Así transcurrió la vida de Publio,
siendo para nosotros un muy buen padre y trasladándose de una actividad a otra,
pues fue de esas generaciones que no conciben la vida sin estar desarrollando
cosas y trabajos con dedicación. En cuanto a carros, tuvo muchos, pero oí una vez
a mi madre decir: “Publio tiene 40 años teniendo carros, pero solo sabe
medirles el aceite”. Aunque no fue uno de sus puntos fuertes, realmente no concebía
la vida sin un vehículo, fuese carro sedan, camioneta, cava de trabajo u otros.
Y también se sentía muy orgulloso de su título de manejar que le fue otorgado a
finales de los años cuarenta y el cual
conservo.
Al final de su vida de casi 90 años o
en sus últimas décadas, lo vi filosofar sobre cosas diarias o pequeñas y que me
comunicaba como un descubrimiento, a pesar de su larga existencia y las múltiples
experiencias que tuvo y anduvo.
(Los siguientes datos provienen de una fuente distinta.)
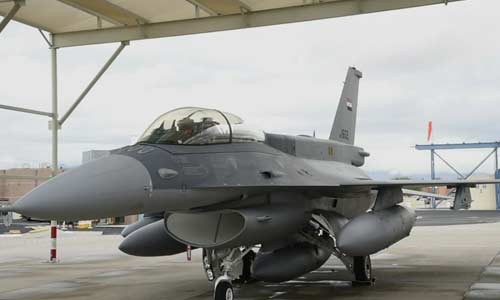 Xem phi cong Iraq luyen lai tiem kich F-16 o My
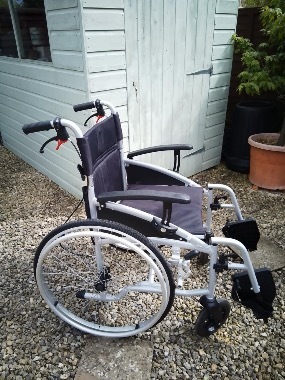 Self propelled wheelchair
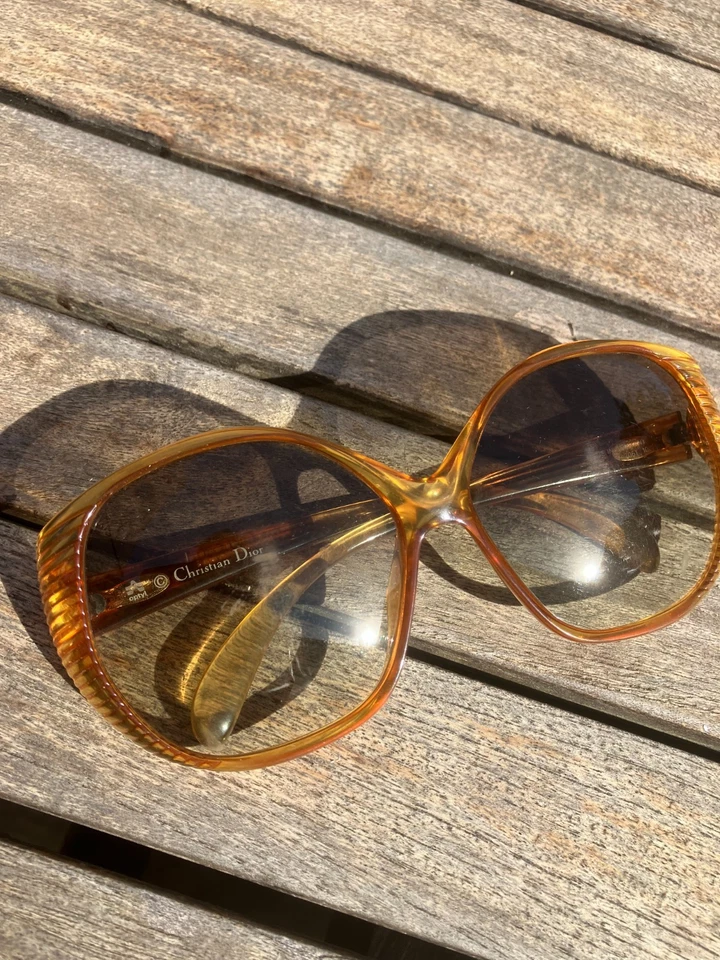 Lunette de Soleil Christian Dior FEMME  ANCIENNE VINTAGE SIGNE - Photo 2/4
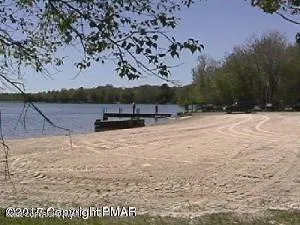 $195,823 | 186 Canoe Trail, Pocono Lake, PA 18347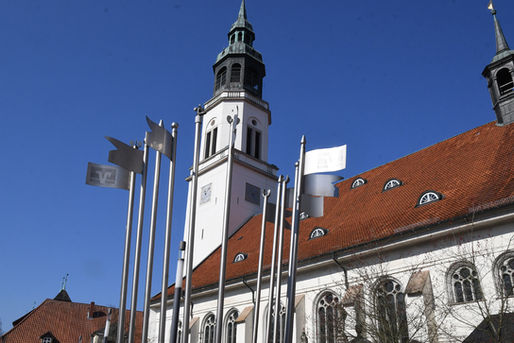 Musik und Wort zur Marktzeit: An(ge)dacht "à trois"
En alguna ocasión, él, que venía de zonas donde
incluso podían todavía encontrarse animales salvajes, llamativos, peligroso o
en masa, me habló sobre lo llamativo que le parecían las hormigas y su organización para hacer el trabajo; la vejez y el
tiempo le permitieron observarlas detenidamente y resaltarme -cual entomólogo-
sus virtudes y fuerzas.
En otra ocasión me conversó sobre las
virtudes y facilidades que brindaba la parchita
o fruta de la pasión. Realmente, de niño, no recuerdo se consumiera en mi
casa y tal vez eso influiría en su comentario de la vejez. Me dijo: “…la
parchita es una fruta realmente muy buena, además de sabrosa es práctica, pues
la puedes partir y comértela cómodamente con una cucharita, además de que tiene
muchas cualidades nutritivas”.
También, en sus años avanzados
descubrió el arte de cocinar. Como
la mayoría de los hombres de esos tiempos, se dedicaba a su trabajo y la mujer
a las labores de la casa. Asimismo, por el contexto, le gustaba mucho disfrutar
de buenas comidas en restaurantes. Tengo así de él buenos recuerdos de
experiencias, comentarios y casos de comidas. En una ocasión almorzando él y yo
en un lugar de los Andes, de manera solemne, me dijo: “…así como ese hombre era
mi padre”. Había pasado un hombre bien vestido, con su pantalón, camisa, otros
asuntos y un sombrero; era un hombre alto, blanco, delgado, nariz entre
perfilada y aguileña. Se trataba de mi abuelo Pedro, a quien no conocí y que
había muerto de paludismo, en un fundo, por allá en los años treinta; y el cual
todavía forma parte de las propiedades de familiares de su hermano Roberto ya
nombrado. En el arte de cocinar no tuvo mayores desarrollos, pero sí avanzó en
cuanto a lo que había sido su desconocimiento de ello según indicamos. Carnes ,
pescados, empezó a descubrirlos y un día me habló de lo fácil que era hacer
arroz, poniendo tanto de arroz, agua, condimentos, sal, vigilarlo; en fin, algo nuevo para él.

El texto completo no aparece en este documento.